2. An entity has no name, only an auto-generated unique numeric ID that is meaningless outside of the data-store.
3. An entity is meaningless if it does not have relations.
4. The naming of any entity involves a relation to a language entity and a script/syntactic role data element.
5. All relations are basically represented as triplets of entities: source, relation, value.
6. Each relationship triplet has also an optional reference to a source entity as well as start and stop dates for which the relation is active.
7. Entities inherit properties from ‘hyponymy’ (class) and ‘part of’ relations.
8. Entities (typically classes) have a set of relations that allow composition of a structure (mandatory/optional values that may be inherited as value (fixed for children) or as parameter (children have a value))
9. There is a special SYNTRANS relation defined that allows to link synonymous compositions to be linked. Literal translations between different languages are considered SYNTRANS relations.

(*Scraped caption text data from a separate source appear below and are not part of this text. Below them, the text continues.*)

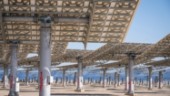 IEA: Solen decenniets energikung
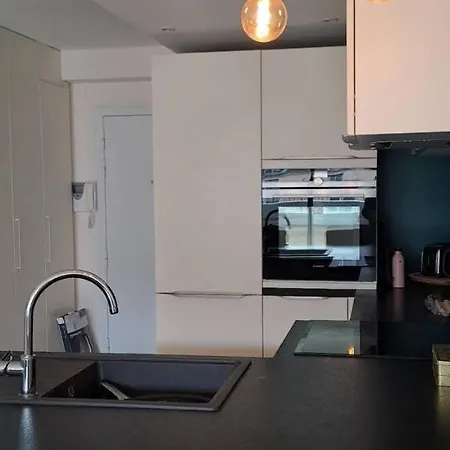 Apartment Welcome Edward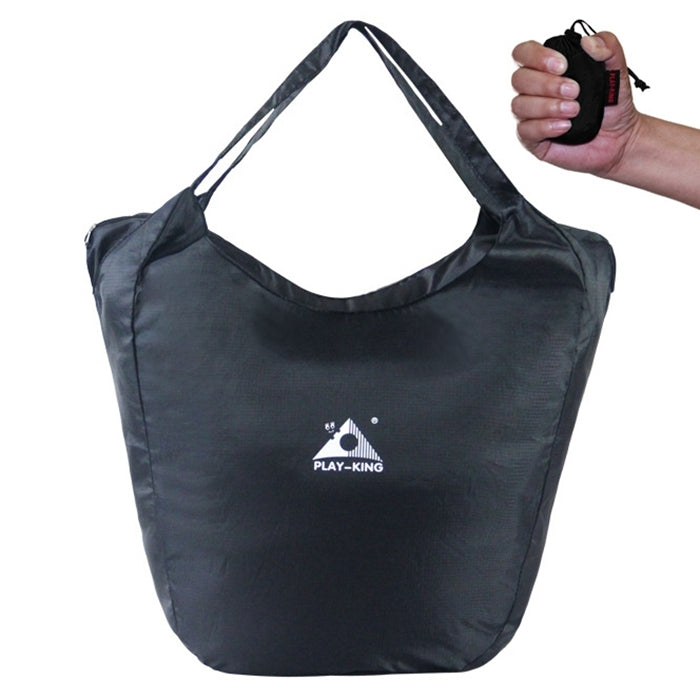 1329 Outdoor Climbing Portable Foldable Anti-splash Bag Ultralight Handheld Bag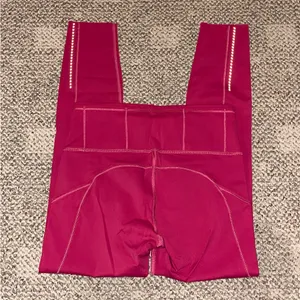 Lululemon Fast & Free 7/8 Tight ll *Nulux 25” thumbnail 5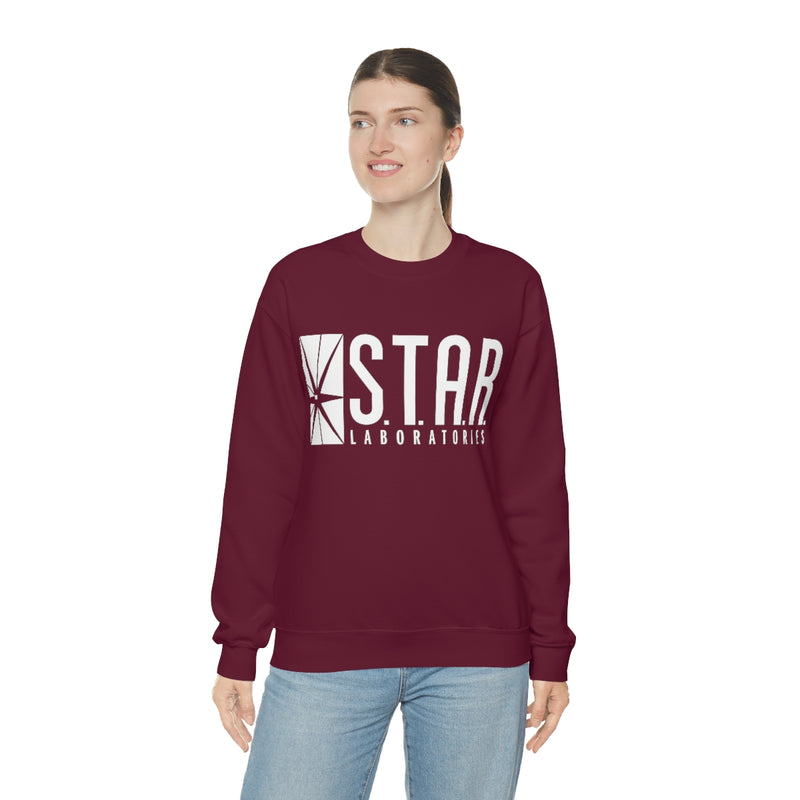 STAR Sweatshirt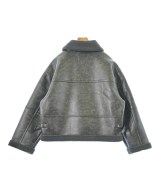 Neucon（ニューコン）ライダース 黒 サイズ:2(M位) メンズ/2200656292011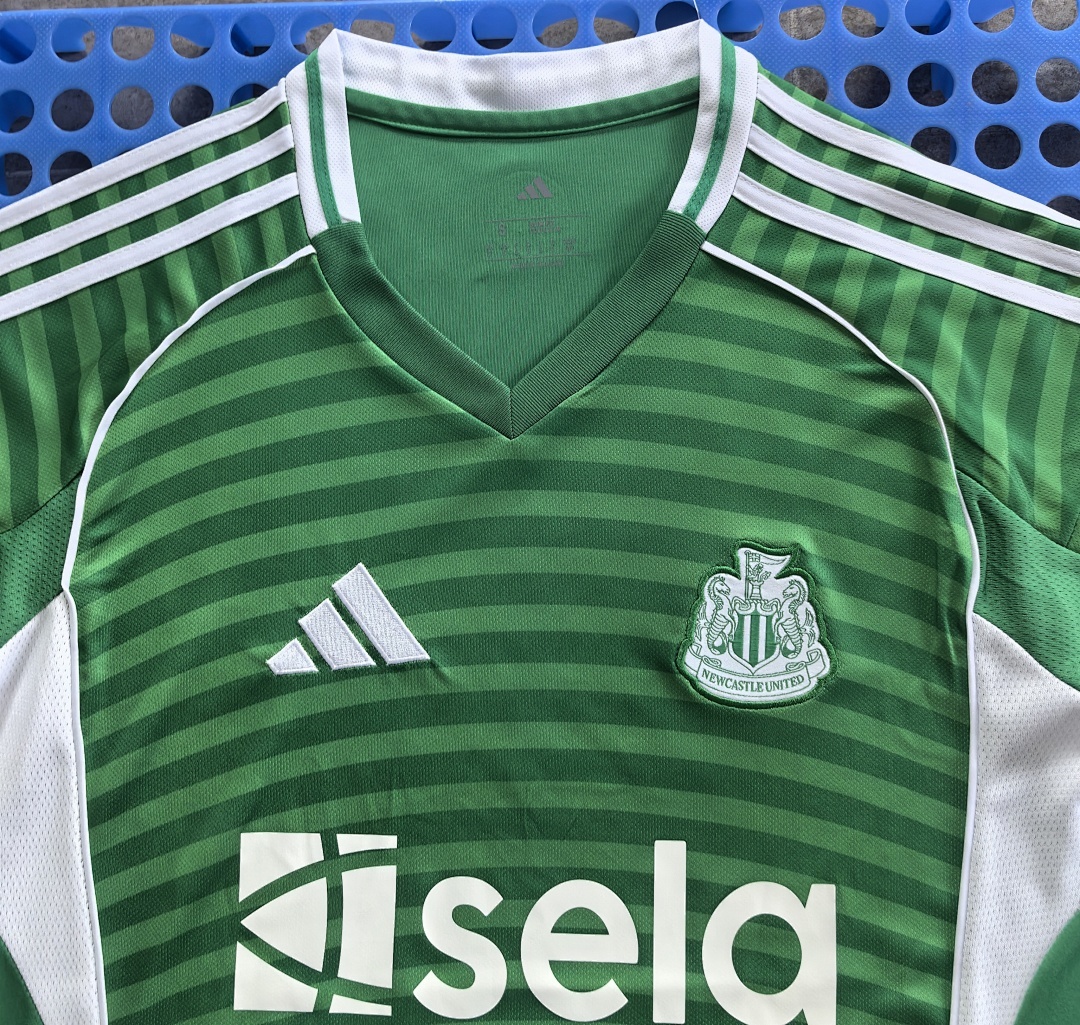2025 Newcastle away game - immagine 3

10. There is a category of ‘syntactical’ relations defined with which ‘head’ ‘modifier’ compositions can be created
11. There is a category of ‘semantic’ relations defined that can be dynamically expanded (they are entities, and they fall under the same SYNTRANS equivalency processing). These relations all follow the construction : (preposition)-> (entity) *->(postposition)* *=optional
With that you can store/map/search just about anything. I am working on the formulation of proper English and the corresponding proper German presentation of any semantic network identified. Proof of concept data is mapped in 64 or so other languages, including Arabic, Hebrew, Cyrillic, Greek and a few other scripts, a number of coding systems, chemical formulas …
Due to its nature you can identify a partial concept with a phrase and the system will offer ‘known’ related concepts. Once you pick one it supplements known information from knowledge and allows following links. All presented information is generated from the underlying semantic network that represents the concept, in the language that the browser it set to.
The system is able to circumscribe terms based on the composition of the concept.
We have no naming issues of relationships, just call them what they are, that gets close enough for refinement.
The decision if there is a need to separate noun/adjectival/verbal forms of a concept is still out. There seem to be rules that exist between them:
(adj1) := (pertaining to) (noun)
(verb) := (making of)(noun)
(adj2) := (in process of) (verb)
Pertaining, making, process… are examples, not sure yet if these develop into categories. We have these relations currently as separate entities with relations to each other but could also develop a procedure to present the variations from a single concept.
There is an interesting meta data of which concepts do or do not have various syntactical forms.
We are working with about 3 million triplets. Yes there are circular references which cause headaches, and there is definitely the problem of getting back too much information.
Need to have some form of transactional system + arbitration to let the general public on this.
IMPORTANT FYI: the meaning of a concept is located in the intersection between two languages!
In other words how someone would translate an English term into another Language defines what the translator meant.